Performance data are clear: UF/RO systems routinely deliver single‑digit oil and turbidity. Ciarapica et al. report MF/UF membranes yielding <5 mg/L hydrocarbons in filtrate (www.researchgate.net). A field case in Montana achieved 100% COD removal and a 98% conductivity reduction on produced water via UF + RO, concluding that treatment was cheaper than reinjection (www.grafiati.com). In Indonesia’s context, such polishing would allow reuse for injection or even industrial water. The trade‑off is cost: membranes need periodic cleaning and chemical pretreatment, so tertiary stages are typically justified when reuse value or strict mandates exist.
Data trends and design economics
Rising volumes: worldwide produced water grew about 70% from 1990 to 2015 (www.sciencedirect.com). Offshore water fractions in new wells still reach ~75–80% (www.sciencedirect.com), so any long‑term field plan must budget for large volumes (e.g., India’s aging fields).

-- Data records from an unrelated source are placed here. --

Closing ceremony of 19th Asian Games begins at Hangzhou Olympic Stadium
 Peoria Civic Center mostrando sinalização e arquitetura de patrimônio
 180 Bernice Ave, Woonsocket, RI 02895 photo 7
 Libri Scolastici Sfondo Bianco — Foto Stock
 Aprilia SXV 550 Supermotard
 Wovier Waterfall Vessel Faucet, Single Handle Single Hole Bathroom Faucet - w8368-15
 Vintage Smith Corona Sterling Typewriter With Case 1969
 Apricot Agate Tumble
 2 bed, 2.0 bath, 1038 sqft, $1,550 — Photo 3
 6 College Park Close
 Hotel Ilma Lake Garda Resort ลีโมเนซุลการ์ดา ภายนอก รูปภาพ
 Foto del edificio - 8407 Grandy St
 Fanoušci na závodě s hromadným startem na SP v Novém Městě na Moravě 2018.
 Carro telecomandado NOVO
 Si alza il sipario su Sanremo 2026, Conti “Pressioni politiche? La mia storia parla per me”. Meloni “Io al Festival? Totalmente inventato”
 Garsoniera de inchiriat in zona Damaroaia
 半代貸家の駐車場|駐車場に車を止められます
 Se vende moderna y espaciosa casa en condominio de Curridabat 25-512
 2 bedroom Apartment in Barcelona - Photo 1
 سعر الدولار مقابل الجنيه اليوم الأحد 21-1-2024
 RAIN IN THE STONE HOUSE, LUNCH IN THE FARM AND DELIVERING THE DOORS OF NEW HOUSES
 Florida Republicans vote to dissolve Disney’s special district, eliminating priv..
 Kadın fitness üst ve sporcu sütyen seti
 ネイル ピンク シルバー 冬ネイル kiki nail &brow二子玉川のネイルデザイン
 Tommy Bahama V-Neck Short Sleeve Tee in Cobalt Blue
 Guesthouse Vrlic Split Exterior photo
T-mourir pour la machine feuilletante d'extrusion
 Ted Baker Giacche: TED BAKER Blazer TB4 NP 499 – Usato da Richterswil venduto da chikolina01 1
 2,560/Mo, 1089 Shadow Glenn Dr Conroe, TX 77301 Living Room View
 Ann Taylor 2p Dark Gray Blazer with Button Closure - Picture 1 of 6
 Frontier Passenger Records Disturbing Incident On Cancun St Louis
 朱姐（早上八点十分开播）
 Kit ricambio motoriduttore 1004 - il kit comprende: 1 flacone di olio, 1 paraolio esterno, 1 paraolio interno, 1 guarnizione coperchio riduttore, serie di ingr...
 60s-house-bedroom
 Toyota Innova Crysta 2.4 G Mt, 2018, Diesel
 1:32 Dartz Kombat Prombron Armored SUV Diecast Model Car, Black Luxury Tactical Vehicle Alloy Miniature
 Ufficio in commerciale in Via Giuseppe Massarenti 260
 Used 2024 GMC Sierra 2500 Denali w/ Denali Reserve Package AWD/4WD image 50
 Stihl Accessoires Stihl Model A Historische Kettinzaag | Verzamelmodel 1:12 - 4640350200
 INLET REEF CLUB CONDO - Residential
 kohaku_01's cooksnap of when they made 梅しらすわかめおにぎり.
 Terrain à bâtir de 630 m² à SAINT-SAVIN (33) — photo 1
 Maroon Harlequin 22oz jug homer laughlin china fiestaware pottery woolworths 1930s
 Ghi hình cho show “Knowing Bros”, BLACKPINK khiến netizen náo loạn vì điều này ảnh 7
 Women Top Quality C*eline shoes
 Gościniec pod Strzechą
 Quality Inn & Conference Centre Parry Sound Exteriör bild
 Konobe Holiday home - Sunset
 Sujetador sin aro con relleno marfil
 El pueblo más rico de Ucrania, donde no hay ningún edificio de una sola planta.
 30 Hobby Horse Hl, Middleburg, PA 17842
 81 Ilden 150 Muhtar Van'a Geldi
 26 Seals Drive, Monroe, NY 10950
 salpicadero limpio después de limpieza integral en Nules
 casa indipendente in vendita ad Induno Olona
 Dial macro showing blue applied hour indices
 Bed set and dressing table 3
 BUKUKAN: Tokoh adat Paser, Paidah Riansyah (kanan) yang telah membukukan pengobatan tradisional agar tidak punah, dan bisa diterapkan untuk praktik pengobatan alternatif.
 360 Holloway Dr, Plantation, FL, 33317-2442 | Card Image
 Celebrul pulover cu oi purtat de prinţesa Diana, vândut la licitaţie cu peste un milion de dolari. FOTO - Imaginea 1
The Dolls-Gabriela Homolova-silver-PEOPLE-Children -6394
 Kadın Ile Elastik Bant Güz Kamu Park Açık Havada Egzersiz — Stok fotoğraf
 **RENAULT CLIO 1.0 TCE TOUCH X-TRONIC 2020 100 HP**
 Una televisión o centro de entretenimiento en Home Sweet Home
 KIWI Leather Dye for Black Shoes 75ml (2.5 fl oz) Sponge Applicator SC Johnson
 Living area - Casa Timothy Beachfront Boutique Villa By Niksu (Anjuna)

Regulatory push: many global operators now aim for “zero discharge” (pubs.acs.org). Indonesia’s 25 mg/L limit for produced water effectively demands near‑zero oil in discharged water (www.researchgate.net), so gravity alone cannot meet target quality for most fields.
Economics: produced water treatment typically accounts for 5–15% of drilling and production costs (www.sciencedirect.com). Reuse can offset this: one study found treating produced water was cheaper than reinjection because the treated water has value (agriculture or injection) (www.grafiati.com). Adding tertiary stages increases CAPEX, but can yield OPEX savings and assured compliance.
Technology adoption: modern platforms favor compact, automated systems. About 90% of offshore produced‑water plants use hydrocyclones due to efficiency and small footprint (www.mdpi.com). Emerging trends include real‑time monitoring, chemical dosing control, and integrated membranes (www.sciencedirect.com). Chemical dosing programs are increasingly automated with equipment such as a dosing pump. Secondary and tertiary units are increasingly skid‑mounted and modular, supported by ancillary systems.
Multi‑barrier design and performance example
A robust treatment train layers stages: an API separator (or CPI) plus a hydrocyclone bank to capture >80% of oil; followed by an induced gas flotation (IGF) unit to float out most remaining oil, achieving ≤25 mg/L O&G then media cartridge/sand filters for fine suspended solids; and, if reuse is desired, UF/RO membranes to polish to <5 mg/L (www.researchgate.net) (www.researchgate.net). Each stage is sized (flow rate, residence time, pressure) for the required throughput and removal. This multi‑barrier approach is aligned with regulations and field data: it meets Indonesia’s 25 mg/L oil limit for discharge (www.researchgate.net) or the ≲5 mg/L target for reinjection (www.researchgate.net).
Sources: industry reviews and case studies (www.sciencedirect.com) (www.researchgate.net) (www.researchgate.net), regulatory documents (www.researchgate.net) (pubs.acs.org), and Indonesian field data (www.researchgate.net) (www.researchgate.net), as cited.